(Extracted data entries)
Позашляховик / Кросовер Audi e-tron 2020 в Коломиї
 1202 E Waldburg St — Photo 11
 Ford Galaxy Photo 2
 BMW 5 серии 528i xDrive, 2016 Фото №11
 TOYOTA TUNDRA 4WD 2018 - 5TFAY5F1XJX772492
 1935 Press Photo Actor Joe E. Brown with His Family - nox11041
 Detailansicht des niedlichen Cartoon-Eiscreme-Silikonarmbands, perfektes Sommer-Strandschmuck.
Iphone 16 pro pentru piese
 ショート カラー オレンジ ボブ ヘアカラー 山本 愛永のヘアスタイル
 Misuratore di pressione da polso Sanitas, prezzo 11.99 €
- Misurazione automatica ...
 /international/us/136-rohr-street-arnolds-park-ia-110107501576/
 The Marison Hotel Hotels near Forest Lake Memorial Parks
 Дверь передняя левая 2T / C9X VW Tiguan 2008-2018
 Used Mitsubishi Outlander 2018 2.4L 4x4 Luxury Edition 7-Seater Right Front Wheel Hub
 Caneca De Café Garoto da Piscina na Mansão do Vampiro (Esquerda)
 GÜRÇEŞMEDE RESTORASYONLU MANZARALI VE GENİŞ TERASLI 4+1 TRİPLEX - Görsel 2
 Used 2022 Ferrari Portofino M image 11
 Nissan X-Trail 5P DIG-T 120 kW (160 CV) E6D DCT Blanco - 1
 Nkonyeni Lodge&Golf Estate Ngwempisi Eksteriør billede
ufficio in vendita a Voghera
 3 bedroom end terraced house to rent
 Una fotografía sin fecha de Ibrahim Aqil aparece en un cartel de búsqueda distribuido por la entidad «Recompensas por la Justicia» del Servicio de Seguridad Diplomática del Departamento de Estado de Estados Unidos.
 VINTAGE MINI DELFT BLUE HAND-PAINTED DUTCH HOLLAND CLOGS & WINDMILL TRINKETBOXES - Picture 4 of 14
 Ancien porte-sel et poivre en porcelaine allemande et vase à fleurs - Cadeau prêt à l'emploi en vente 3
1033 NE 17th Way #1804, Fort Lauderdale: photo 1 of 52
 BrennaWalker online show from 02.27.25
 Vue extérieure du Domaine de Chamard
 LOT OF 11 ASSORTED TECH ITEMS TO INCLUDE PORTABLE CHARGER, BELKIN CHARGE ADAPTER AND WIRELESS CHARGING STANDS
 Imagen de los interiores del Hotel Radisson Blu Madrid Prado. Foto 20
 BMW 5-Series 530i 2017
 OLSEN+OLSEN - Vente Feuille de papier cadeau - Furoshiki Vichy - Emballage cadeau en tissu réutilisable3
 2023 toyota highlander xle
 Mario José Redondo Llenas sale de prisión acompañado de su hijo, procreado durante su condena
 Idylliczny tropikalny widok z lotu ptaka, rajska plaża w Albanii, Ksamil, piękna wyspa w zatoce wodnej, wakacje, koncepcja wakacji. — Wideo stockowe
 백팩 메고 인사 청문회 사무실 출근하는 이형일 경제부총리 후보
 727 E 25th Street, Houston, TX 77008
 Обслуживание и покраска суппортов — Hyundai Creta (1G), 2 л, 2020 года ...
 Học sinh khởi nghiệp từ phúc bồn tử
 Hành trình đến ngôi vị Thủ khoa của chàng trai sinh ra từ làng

> What you should do: Nothing but the lines from the one with "BMW 5-Series 530i 2017" through the last line of the records above should be retyped, and those word for word.

> Exercise output:
 BMW 5-Series 530i 2017
 OLSEN+OLSEN - Vente Feuille de papier cadeau - Furoshiki Vichy - Emballage cadeau en tissu réutilisable3
 2023 toyota highlander xle
 Mario José Redondo Llenas sale de prisión acompañado de su hijo, procreado durante su condena
 Idylliczny tropikalny widok z lotu ptaka, rajska plaża w Albanii, Ksamil, piękna wyspa w zatoce wodnej, wakacje, koncepcja wakacji. — Wideo stockowe
 백팩 메고 인사 청문회 사무실 출근하는 이형일 경제부총리 후보
 727 E 25th Street, Houston, TX 77008
 Обслуживание и покраска суппортов — Hyundai Creta (1G), 2 л, 2020 года ...
 Học sinh khởi nghiệp từ phúc bồn tử
 Hành trình đến ngôi vị Thủ khoa của chàng trai sinh ra từ làng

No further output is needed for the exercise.